This is part one of an interview with John Harris, author and columnist for Dooney's Cafe:
CBT: Literature is in trouble -- that is, more trouble than usual. Why do you think this is? The increasing prevalence of TV? The distractions of increasingly narcotic subcultures such as video games? Sept. 11? The Crash of 2008? Or is talk of the "death of literature" simple exaggeration?
JH: It’s not likely that literature is in
trouble. It’s just that the ways in which we use written language, to make and
present stories and song, change. This makes us literary writers uncomfortable.
When we’re uncomfortable we tend to conflate ourselves with our art. If our
royalties are going down, literature is in trouble. If we can’t get published
as easily as before, literature is in trouble. If we can’t get jobs in the
English Department because enrolments are collapsing, literature is in trouble.
If repressive regimes enforce censorship, literature is in trouble. If the
economy tanks, literature is in trouble. If multinational publishing houses
flood the market with crap novels, literature is in trouble.
Thinking like this is pretentious, and it
confuses us. One thing we need to remember is that there’s a fairly convincing theory
of art that holds that the more uncomfortable writers are, the better they
write. Maybe literature would be better off if writers were in more trouble. Sharon Thesen put it this
way at the 1984 Winnipeg Writing and Performance conference:
Poetry’s identity
with social crisis and crises of meaning will always guarantee both its
vitality and its general unpopularity . . . . In future, poetry may become less
a “discharge of psychological evil-being” and more a homeopathic infusion into
a healthy body politic, but his may mean the disappearance of (lyric) poetry as
we know it — an occurrence I can’t say I look forward to. But that is the
unsettled and questionable subject of poetic language speaking, that would
rather have Artaud than Utopia.
Literary writers in Canada and other
relatively free, prosperous and peaceful countries actually are in trouble, but in ways that are
good. They are facing technical challenges connected to the platforms on which
they deliver stories and songs. The Elizabethans faced similar challenges, in
having to convert from manuscript to print circulation, from patronage to
profit, from the church or schoolroom venue to the playhouse and a mass
audience.
This goes back a long ways. With
literature, writing as compared to speaking or singing increased in importance with
the invention of paper. There was now a way of communicating across large
spaces and over time, which was important to business, law and government.

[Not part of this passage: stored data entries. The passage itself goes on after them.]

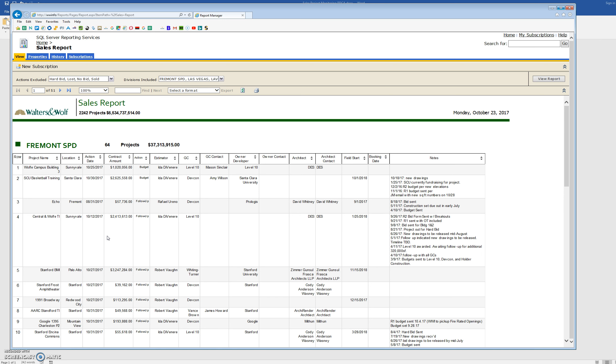SPD's got 64, Vegas has 50, Laverne's got 241, and Fremont has 1,887 projects.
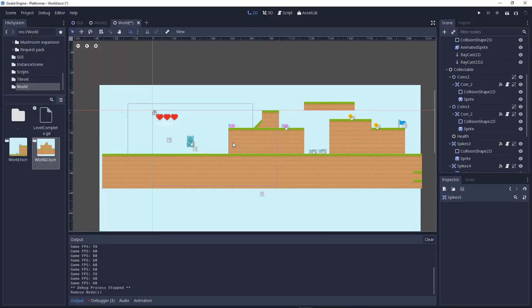Hey, what's up everybody, this is Cryptic Coding and welcome to another game development video. Today we will learn how to go to the next scene. Without further ado, let's get started.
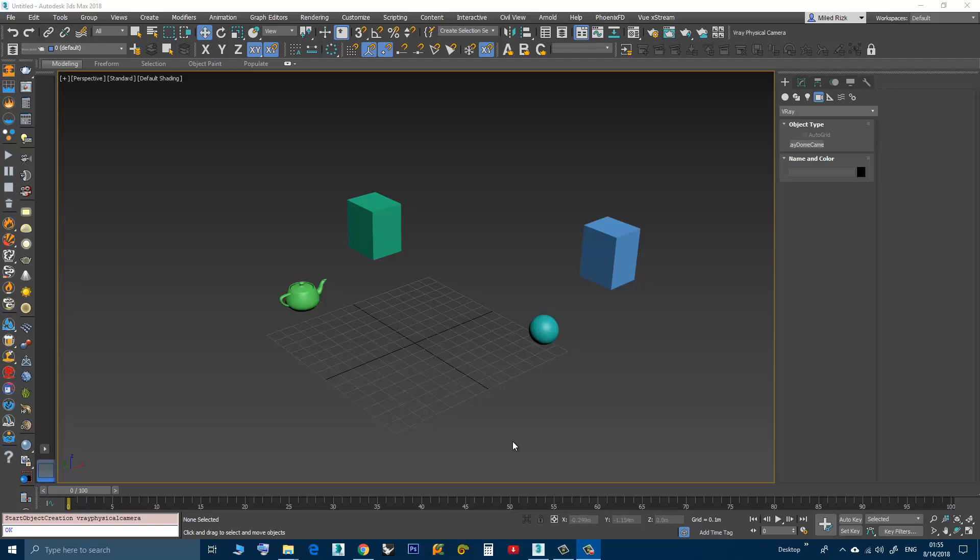Hi, as you know in the recent versions of 3D Studio Max you don't have the V-Ray physical camera, so I created a small script that you can install.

Society facilitated written communication by teaching reading and writing. All
of this provided extra opportunities to people who invented stories and song
lyrics and wrote them down. They could appeal to a larger audience. They could
get jobs doing what they liked to do — at least the talking-about-literature
part. They had stimulating new technologies to play with. Writers in one
country could read what writers in another country were doing — the English,
for example, in the fifteenth century, reading the Italians.
When the printing press was invented, writers
could have books of poems and stories mass-produced and sold in the market. This
enabled them to dominate other artists. Musicians and singers had to get
audiences to come to listen. Painters and sculptors had to get people into
galleries. Playwrights had to get audiences to the theatre.

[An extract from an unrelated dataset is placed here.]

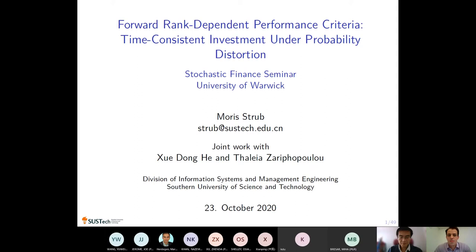Hopefully people will find this topic interesting. This work I'm going to present today is jointly with Sue Dong He from the Chinese University of Hong Kong, who was my postdoctoral advisor while I was a postdoc at CUHK, and also with Talia Zariphopoulou from the University of Texas at Austin and also the University of Oxford.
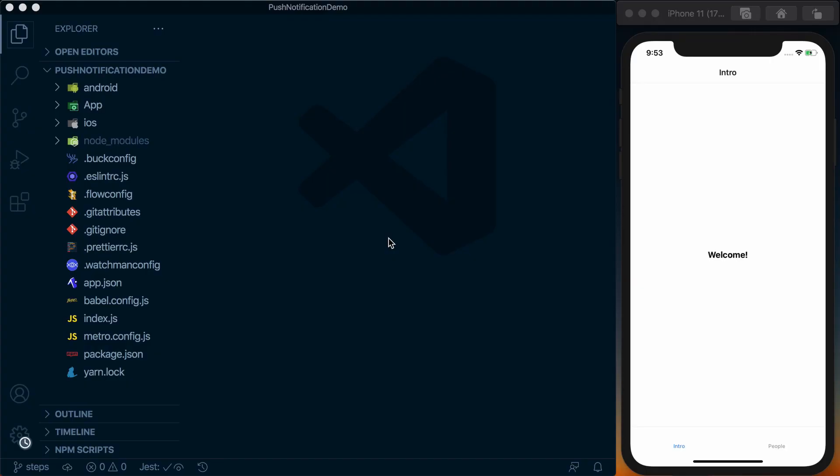Before we get started, let's take a quick look at the starting project. If you've gone through the React Native School deep linking class, you may be familiar with this. It's a super basic app with two tabs - we've got an intro screen that says Welcome on the People tab.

Now there are marketable platforms for
plays, music and sculpture, making things fairer for other artists and
providing even more stimulating challenges and technology to story-tellers and
song-writers. To talk of these platforms as being “narcotic,” as compared to the
printed page, smacks of sour grapes. It implies that audiences are not to be
enticed into reading or listening to poems and stories but forced because they
are, essentially, stupid. They don’t know when something’s bad for them. Writers
with this attitude may be conflating writing and teaching, taking a classroom
of students to be a real audience. They are not. Audiences have to be
entertained.
Certainly scientists should look at what
various media of communications do to the mind, just as they might study
certain narcotics, and certainly if problems are suspected governments should
act. But writers don’t know enough about CAT or MRI scans to provide any
direction in this, and some (Yeats, Frost) believe that it’s part of their job
to put readers into a trance. Some evidently believe it’s part of their job to be in a trance.
Shakespeare wrote extremely sophisticated
plays in extremely sophisticated English that appealed to both the educated and
the uneducated. Likely he spent more time understanding that audience and
writing for it than he did complaining about it. Money was an important
motivator.
So, no “death of literature.” “Death of the
book?” So what? Homer did okay without it. Shakespeare didn’t pay too much
attention to it, though he made sure that his lyric and narrative poetry got
published. For lyric and narrative, that’s where the money was. Now, maybe the
computer screen is better. The audience decides these matters, not the writer,
and it decides it through its purchases.